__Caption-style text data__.
·····

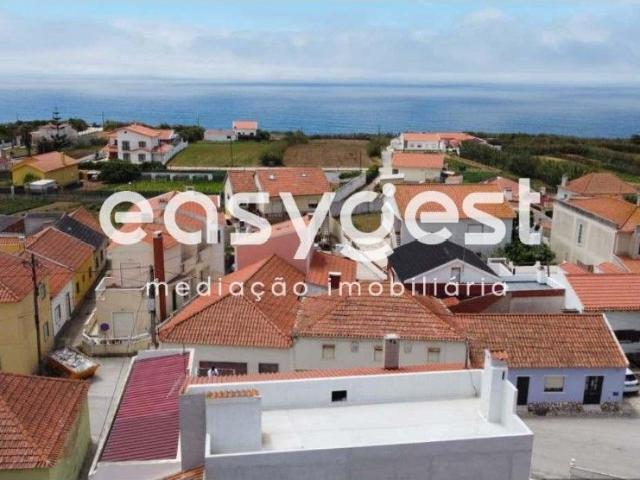 Moradia T5 a ser remodelada como nova com vista direta para o mar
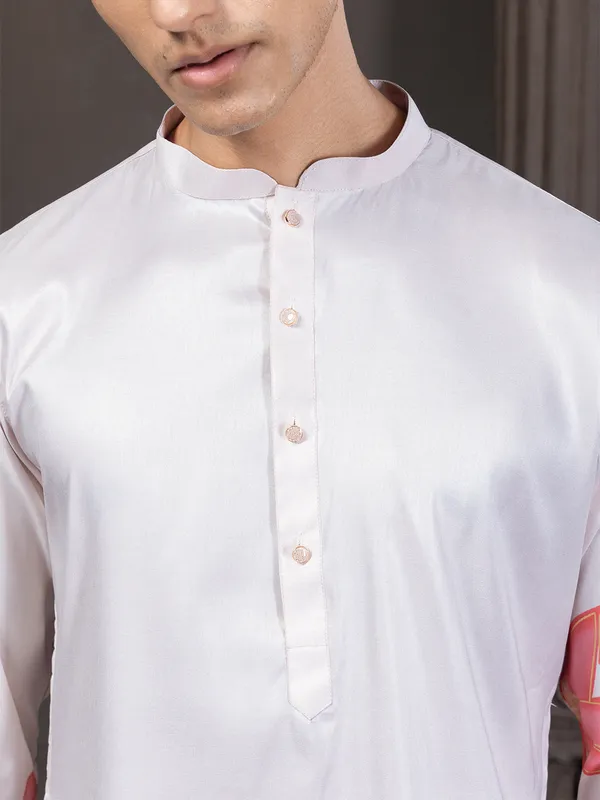 MENS_WOVEN_DESIGN_FLORAL_PRINTED_KURTA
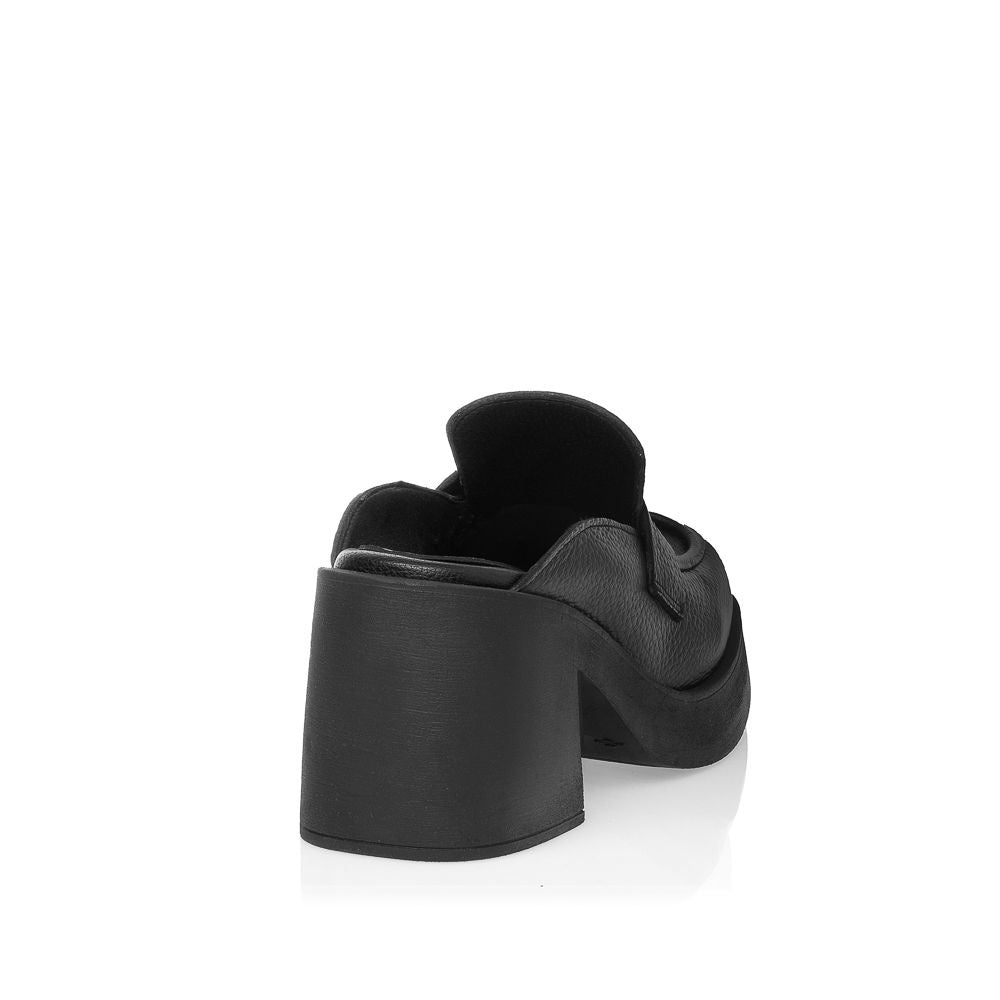 https://powersoft365customers.blob.core.windows.net/he48103-nat-jango-fashion-ltd/Models/24SST24-109-BLA_1.jpg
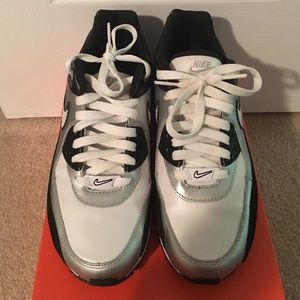 SALE UNTIL 10/5 🎀Nike air max wright ltdboys 5.5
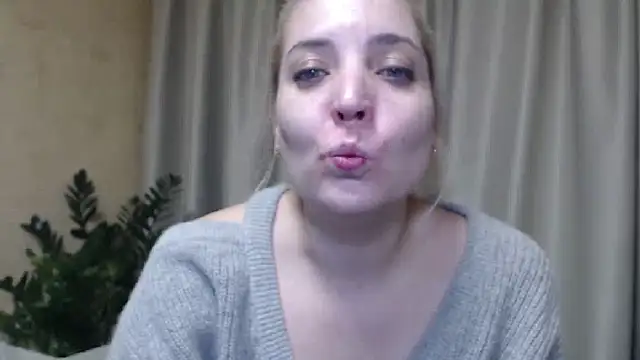 Snapshot of sweetpussy chatting on February 16, 4:32 pm sweetpussy online show from February 16, 4:32 pm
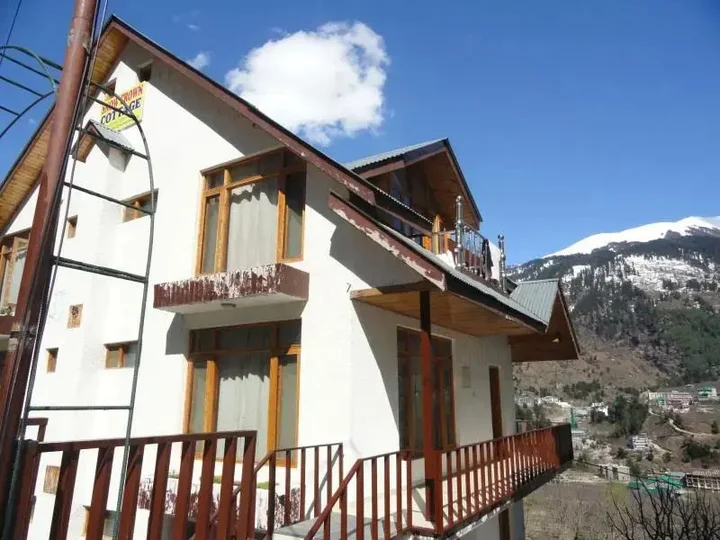 Манали: Hotel Snow Crown
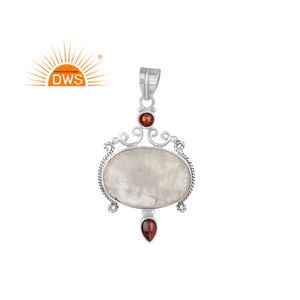 Colgante de Plata de Ley 925 Hecho a Mano, Diseño para Niñas, con Piedra Lunar Arcoíris y Granate, Fabricante de Joyería - Product Image 1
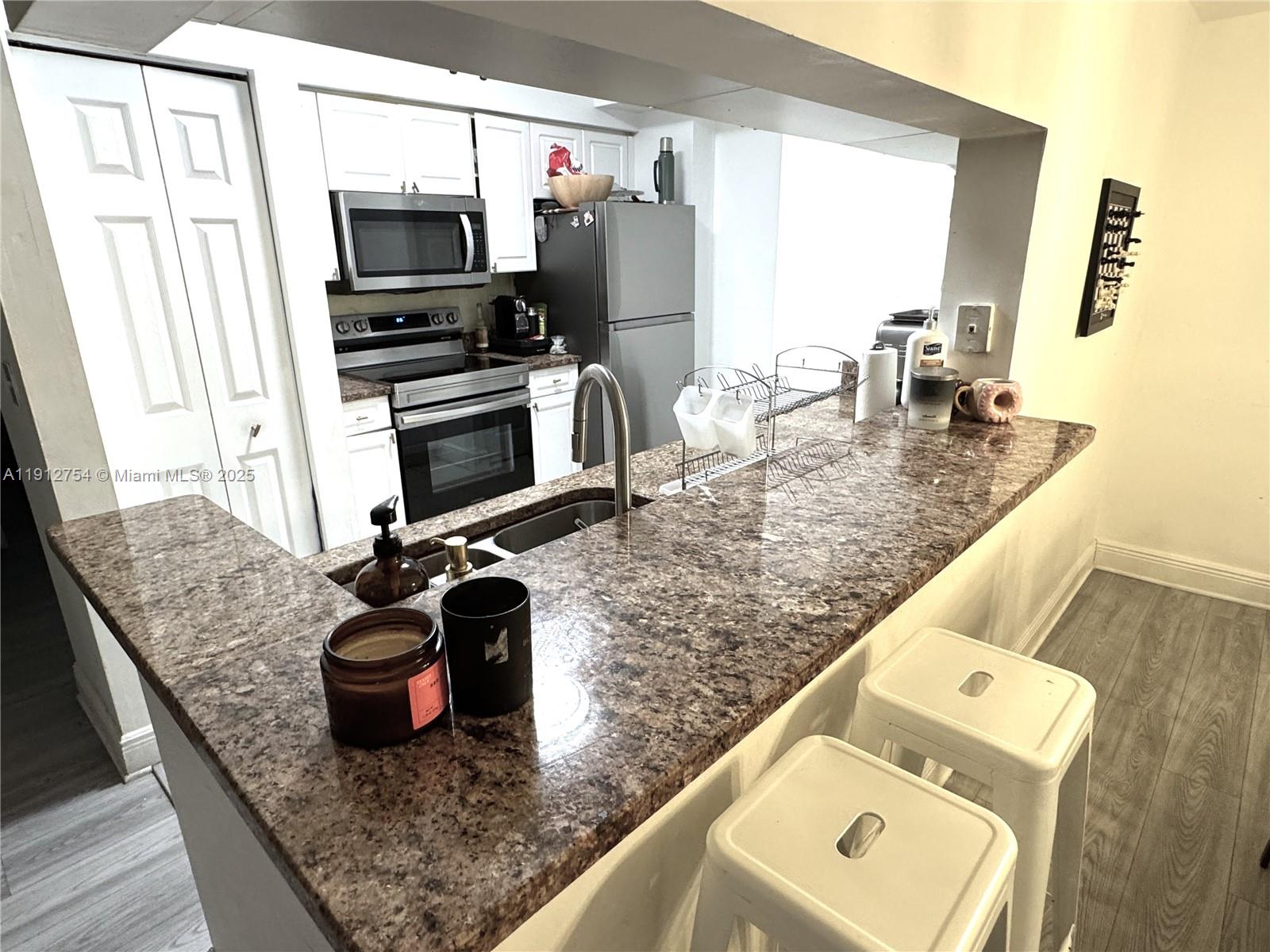 Porto Bellagio - Residential Lease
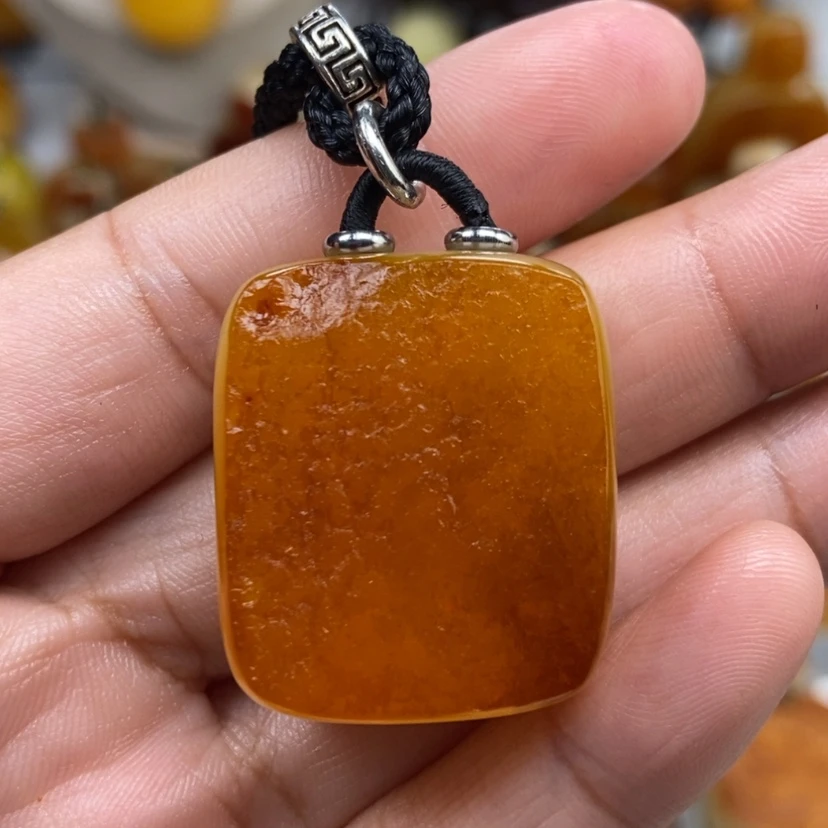 【闪购商品】琥珀颈饰未镶嵌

·····

__Your goal__.
Starting at the first line of the data, set down each line exactly until you have copied the line with "Манали: Hotel Snow Crown", but leave the pictures out.

__Worked solution__.
 Moradia T5 a ser remodelada como nova com vista direta para o mar
 MENS_WOVEN_DESIGN_FLORAL_PRINTED_KURTA
 https://powersoft365customers.blob.core.windows.net/he48103-nat-jango-fashion-ltd/Models/24SST24-109-BLA_1.jpg
 SALE UNTIL 10/5 🎀Nike air max wright ltdboys 5.5
 Snapshot of sweetpussy chatting on February 16, 4:32 pm sweetpussy online show from February 16, 4:32 pm
 Манали: Hotel Snow Crown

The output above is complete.